I have a Premier and a THX (lifetime)

If I get a stream and connect it to my premier, will I be able to remotely access shows off my THX via MRV?

example; if my THX has a show on it I want to watch, can I transfer it to my premier, and watch it (all remotely?)


----------



## bradleys (Oct 31, 2007)

Yes


----------



## PCurry57 (Feb 27, 2012)

The TiVo Stream doesn't connect to your Premiere. You connect it to your router and every TiVo on your network should be available (except wireless TiVo's). I used to use a wireless bridge in my bedroom That mostly worked just fine. In prep for TiVo System for android I pulled a wire through the wall. I may when I move late next month try using my 5Ghz wireless bridge (not TiVo wireless).


----------



## ThAbtO (Apr 6, 2000)

You do not need the stream. The Tivos can transfer/copy/stream to each other. They need to have the Media Access Key, which should be the same as in your tivo.com account. Also, in there, under DVR Preferences, each of your Tivos has 2 checkboxes which should be checked and click Save at the bottom. Then, (if any changes) Force Tivo connections on your Tivos to update.


----------



## bradleys (Oct 31, 2007)

If you have the Stream setup and working with your Premiere, then yes, anything you MRV from your S3 to the Premiere will be available for stream.


----------



## ej42137 (Feb 16, 2014)

As ThAbtO said above, you don't need the Stream for TiVo to TiVo downloading or streaming; the TiVo stream is only needed to stream from a Premiere to a device other than another TiVo, such as an iPad or an Android tablet. The S3 series can't do this even with a stream and the Roamio doesn't need a separate Stream because the Roamio has a Stream built in. Your local cable company may restrict your content in regards to streaming; TWC in my area lets me stream broadcast networks like ABC but not premiums like HBO or cable stations like AMC. Other cable companies have different levels of restriction.


----------



## scsiguy72 (Nov 25, 2003)

Thanks,

I understand going Tivo to Tivo and have been doing that for years. That is not the issue I am asking about.

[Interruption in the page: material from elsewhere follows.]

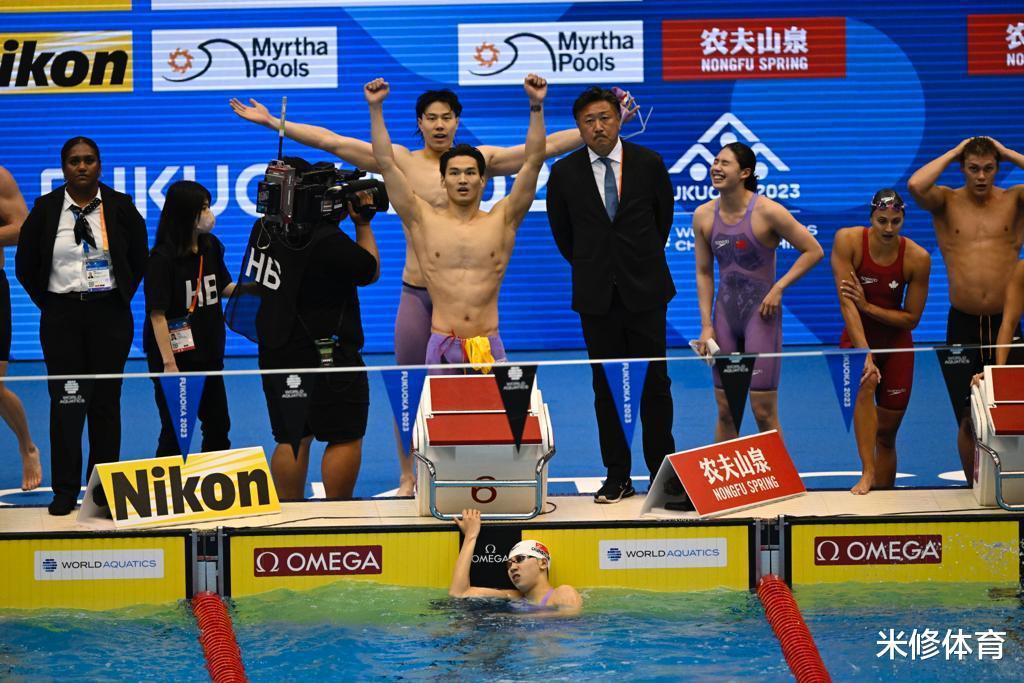 中国游泳新添五位世界冠军，17岁少女夺冠发文感谢偶像刘耀文(3)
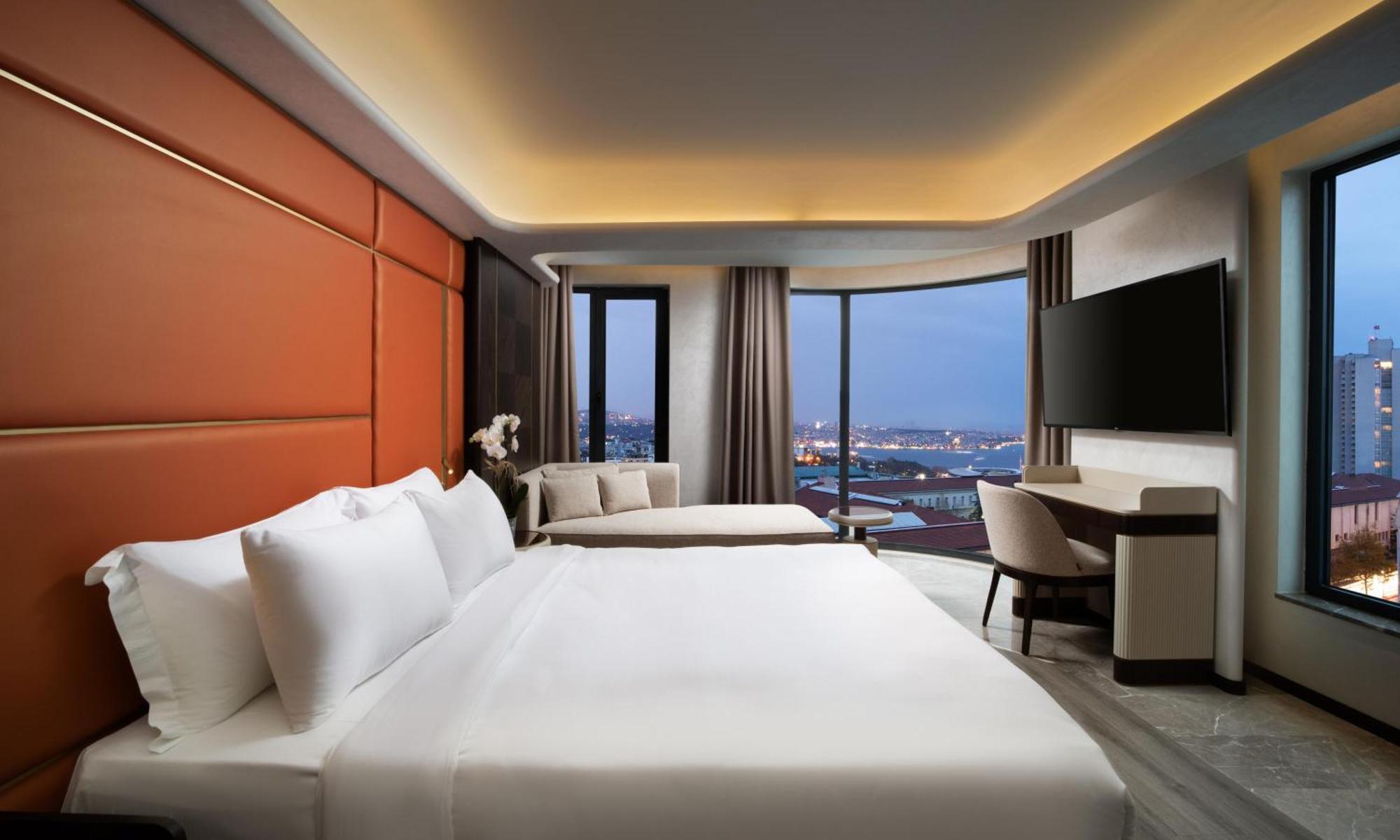Junior Suite,1765170629:JPEG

Specifically what I am asking is this:

I am away from home. I have a show on my series 3 (only)

Can I log in to my stream device and transfer the program from my series 3 to my premiere and then watch it remotely?

I would not be able to directly interact with my series 3 tivo correct?


----------



## moyekj (Jan 24, 2006)

Problem with your scenario is if you are away from home you won't have a way to initiate a transfer from you Series 3 to your Premiere.
That's one advantage of using Slingbox instead for this kind of scenario. With Slingbox attached to Premiere you could initiate the transfer from S3 to Premiere and then watch it as it transfers just as if you were sitting at home in front of Premiere.

Alternatively, if you had all series 4 or later units then you could use TiVo Stream to watch programs from any of them without having to transfer between them. i.e. Ditch the series 3 in favor of series 4 or later.


----------